▶ SUPPLIED ENTRIES:
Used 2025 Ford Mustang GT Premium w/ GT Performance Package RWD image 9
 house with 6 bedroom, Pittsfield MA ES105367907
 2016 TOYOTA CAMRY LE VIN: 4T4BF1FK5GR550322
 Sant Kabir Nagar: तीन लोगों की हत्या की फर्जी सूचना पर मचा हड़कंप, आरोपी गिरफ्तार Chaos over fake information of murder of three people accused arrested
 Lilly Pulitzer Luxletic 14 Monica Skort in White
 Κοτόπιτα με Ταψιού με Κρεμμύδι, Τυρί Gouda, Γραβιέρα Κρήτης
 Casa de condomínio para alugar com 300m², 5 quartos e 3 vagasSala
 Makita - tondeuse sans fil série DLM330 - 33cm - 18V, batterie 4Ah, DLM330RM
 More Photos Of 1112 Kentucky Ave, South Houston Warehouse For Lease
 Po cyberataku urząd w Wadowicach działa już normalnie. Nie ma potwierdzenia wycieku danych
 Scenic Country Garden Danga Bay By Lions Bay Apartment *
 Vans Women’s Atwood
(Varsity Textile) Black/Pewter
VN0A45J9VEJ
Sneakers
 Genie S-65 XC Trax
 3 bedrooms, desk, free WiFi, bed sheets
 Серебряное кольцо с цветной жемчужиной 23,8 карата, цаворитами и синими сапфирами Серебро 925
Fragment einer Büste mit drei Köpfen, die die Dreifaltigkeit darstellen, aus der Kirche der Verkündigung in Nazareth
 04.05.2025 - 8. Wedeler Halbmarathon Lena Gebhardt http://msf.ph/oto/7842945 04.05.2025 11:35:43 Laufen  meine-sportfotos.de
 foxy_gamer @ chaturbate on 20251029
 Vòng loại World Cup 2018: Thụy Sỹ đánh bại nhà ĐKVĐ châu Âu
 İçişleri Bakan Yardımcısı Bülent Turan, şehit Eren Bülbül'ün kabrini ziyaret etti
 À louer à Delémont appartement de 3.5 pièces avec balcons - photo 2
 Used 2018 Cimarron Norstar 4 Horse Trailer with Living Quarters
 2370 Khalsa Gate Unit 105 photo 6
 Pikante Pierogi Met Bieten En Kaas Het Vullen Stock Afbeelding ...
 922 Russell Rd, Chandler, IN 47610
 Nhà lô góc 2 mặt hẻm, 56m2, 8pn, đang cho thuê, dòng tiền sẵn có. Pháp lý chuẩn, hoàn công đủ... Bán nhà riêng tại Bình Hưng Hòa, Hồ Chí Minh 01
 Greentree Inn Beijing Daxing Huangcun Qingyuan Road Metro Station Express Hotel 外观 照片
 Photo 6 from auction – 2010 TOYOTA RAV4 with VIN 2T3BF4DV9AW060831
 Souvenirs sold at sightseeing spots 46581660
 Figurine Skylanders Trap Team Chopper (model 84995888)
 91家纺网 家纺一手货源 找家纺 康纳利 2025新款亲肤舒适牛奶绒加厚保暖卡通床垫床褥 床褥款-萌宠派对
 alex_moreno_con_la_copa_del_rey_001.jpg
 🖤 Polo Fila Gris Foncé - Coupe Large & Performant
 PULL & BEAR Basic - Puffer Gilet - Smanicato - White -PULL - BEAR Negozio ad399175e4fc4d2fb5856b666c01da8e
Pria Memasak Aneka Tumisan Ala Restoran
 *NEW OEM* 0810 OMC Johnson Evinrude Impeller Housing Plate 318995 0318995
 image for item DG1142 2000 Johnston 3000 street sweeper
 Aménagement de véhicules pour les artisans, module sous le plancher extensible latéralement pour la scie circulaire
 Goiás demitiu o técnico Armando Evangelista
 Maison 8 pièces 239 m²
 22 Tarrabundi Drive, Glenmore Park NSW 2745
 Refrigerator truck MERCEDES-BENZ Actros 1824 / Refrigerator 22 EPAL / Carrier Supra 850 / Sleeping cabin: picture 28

▶ AIM OF THE TASK:
Each line of the material is to be copied exactly.

▶ SOLUTION TO THIS TASK:
Used 2025 Ford Mustang GT Premium w/ GT Performance Package RWD image 9
 house with 6 bedroom, Pittsfield MA ES105367907
 2016 TOYOTA CAMRY LE VIN: 4T4BF1FK5GR550322
 Sant Kabir Nagar: तीन लोगों की हत्या की फर्जी सूचना पर मचा हड़कंप, आरोपी गिरफ्तार Chaos over fake information of murder of three people accused arrested
 Lilly Pulitzer Luxletic 14 Monica Skort in White
 Κοτόπιτα με Ταψιού με Κρεμμύδι, Τυρί Gouda, Γραβιέρα Κρήτης
 Casa de condomínio para alugar com 300m², 5 quartos e 3 vagasSala
 Makita - tondeuse sans fil série DLM330 - 33cm - 18V, batterie 4Ah, DLM330RM
 More Photos Of 1112 Kentucky Ave, South Houston Warehouse For Lease
 Po cyberataku urząd w Wadowicach działa już normalnie. Nie ma potwierdzenia wycieku danych
 Scenic Country Garden Danga Bay By Lions Bay Apartment *
 Vans Women’s Atwood
(Varsity Textile) Black/Pewter
VN0A45J9VEJ
Sneakers
 Genie S-65 XC Trax
 3 bedrooms, desk, free WiFi, bed sheets
 Серебряное кольцо с цветной жемчужиной 23,8 карата, цаворитами и синими сапфирами Серебро 925
Fragment einer Büste mit drei Köpfen, die die Dreifaltigkeit darstellen, aus der Kirche der Verkündigung in Nazareth
 04.05.2025 - 8. Wedeler Halbmarathon Lena Gebhardt http://msf.ph/oto/7842945 04.05.2025 11:35:43 Laufen  meine-sportfotos.de
 foxy_gamer @ chaturbate on 20251029
 Vòng loại World Cup 2018: Thụy Sỹ đánh bại nhà ĐKVĐ châu Âu
 İçişleri Bakan Yardımcısı Bülent Turan, şehit Eren Bülbül'ün kabrini ziyaret etti
 À louer à Delémont appartement de 3.5 pièces avec balcons - photo 2
 Used 2018 Cimarron Norstar 4 Horse Trailer with Living Quarters
 2370 Khalsa Gate Unit 105 photo 6
 Pikante Pierogi Met Bieten En Kaas Het Vullen Stock Afbeelding ...
 922 Russell Rd, Chandler, IN 47610
 Nhà lô góc 2 mặt hẻm, 56m2, 8pn, đang cho thuê, dòng tiền sẵn có. Pháp lý chuẩn, hoàn công đủ... Bán nhà riêng tại Bình Hưng Hòa, Hồ Chí Minh 01
 Greentree Inn Beijing Daxing Huangcun Qingyuan Road Metro Station Express Hotel 外观 照片
 Photo 6 from auction – 2010 TOYOTA RAV4 with VIN 2T3BF4DV9AW060831
 Souvenirs sold at sightseeing spots 46581660
 Figurine Skylanders Trap Team Chopper (model 84995888)
 91家纺网 家纺一手货源 找家纺 康纳利 2025新款亲肤舒适牛奶绒加厚保暖卡通床垫床褥 床褥款-萌宠派对
 alex_moreno_con_la_copa_del_rey_001.jpg
 🖤 Polo Fila Gris Foncé - Coupe Large & Performant
 PULL & BEAR Basic - Puffer Gilet - Smanicato - White -PULL - BEAR Negozio ad399175e4fc4d2fb5856b666c01da8e
Pria Memasak Aneka Tumisan Ala Restoran
 *NEW OEM* 0810 OMC Johnson Evinrude Impeller Housing Plate 318995 0318995
 image for item DG1142 2000 Johnston 3000 street sweeper
 Aménagement de véhicules pour les artisans, module sous le plancher extensible latéralement pour la scie circulaire
 Goiás demitiu o técnico Armando Evangelista
 Maison 8 pièces 239 m²
 22 Tarrabundi Drive, Glenmore Park NSW 2745
 Refrigerator truck MERCEDES-BENZ Actros 1824 / Refrigerator 22 EPAL / Carrier Supra 850 / Sleeping cabin: picture 28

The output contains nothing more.